Task → Only one stretch of the material below is wanted: everything from the line containing "For further tweaking, open" down to the line containing "Alternatively, you can", both ends included. Repeat it exactly and skip the pictures.

╭─ Input records

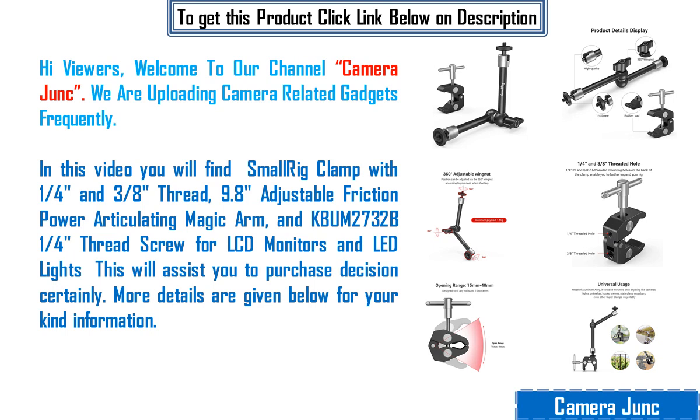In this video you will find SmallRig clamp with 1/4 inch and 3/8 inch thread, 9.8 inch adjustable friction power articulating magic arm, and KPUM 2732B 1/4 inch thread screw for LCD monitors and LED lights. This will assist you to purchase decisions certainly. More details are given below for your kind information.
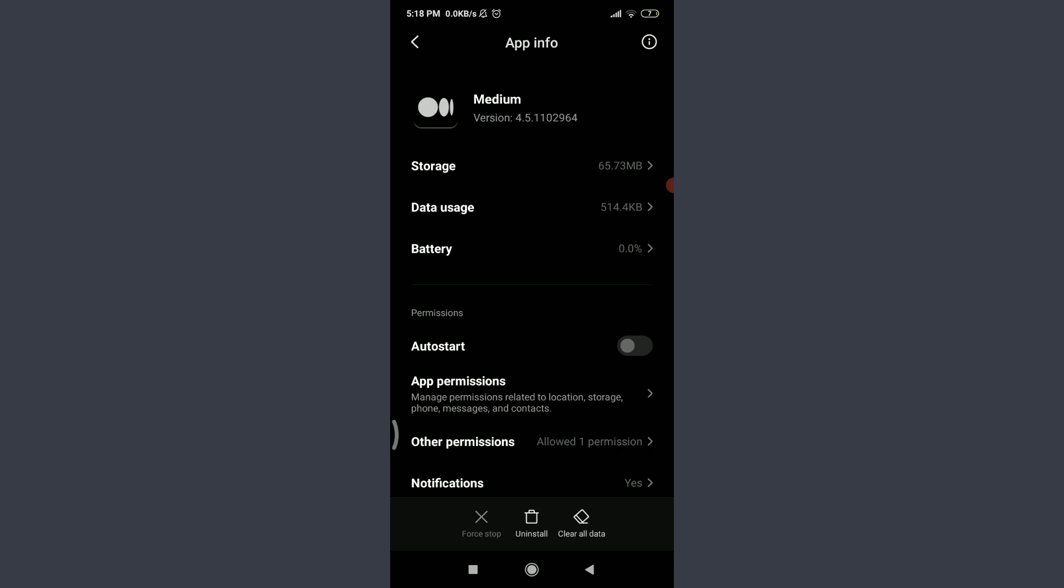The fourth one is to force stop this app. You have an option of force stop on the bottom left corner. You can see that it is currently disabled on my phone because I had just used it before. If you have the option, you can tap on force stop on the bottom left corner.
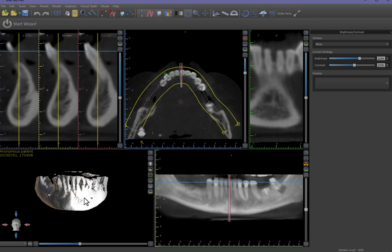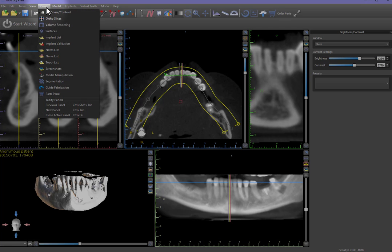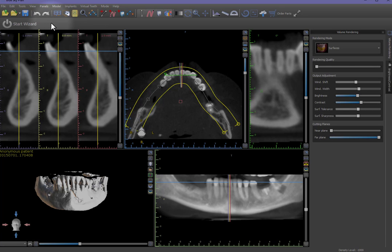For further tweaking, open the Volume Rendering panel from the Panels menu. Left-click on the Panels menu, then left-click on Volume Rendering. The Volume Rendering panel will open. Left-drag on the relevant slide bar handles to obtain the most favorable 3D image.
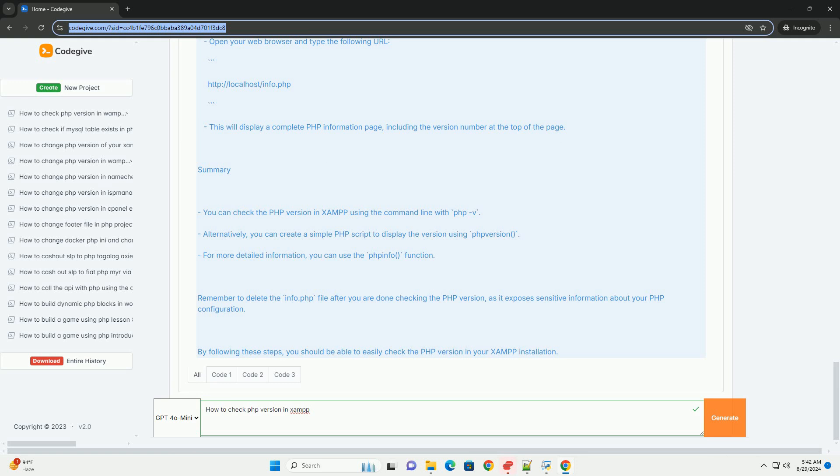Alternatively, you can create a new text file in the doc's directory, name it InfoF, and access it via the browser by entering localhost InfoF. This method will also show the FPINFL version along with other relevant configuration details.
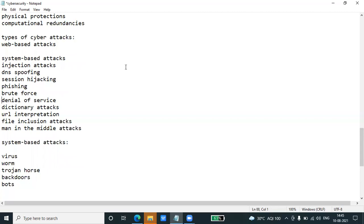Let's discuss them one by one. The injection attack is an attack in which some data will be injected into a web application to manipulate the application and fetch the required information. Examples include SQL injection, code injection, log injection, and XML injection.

╰─

Task output →
For further tweaking, open the Volume Rendering panel from the Panels menu. Left-click on the Panels menu, then left-click on Volume Rendering. The Volume Rendering panel will open. Left-drag on the relevant slide bar handles to obtain the most favorable 3D image.
Alternatively, you can create a new text file in the doc's directory, name it InfoF, and access it via the browser by entering localhost InfoF. This method will also show the FPINFL version along with other relevant configuration details.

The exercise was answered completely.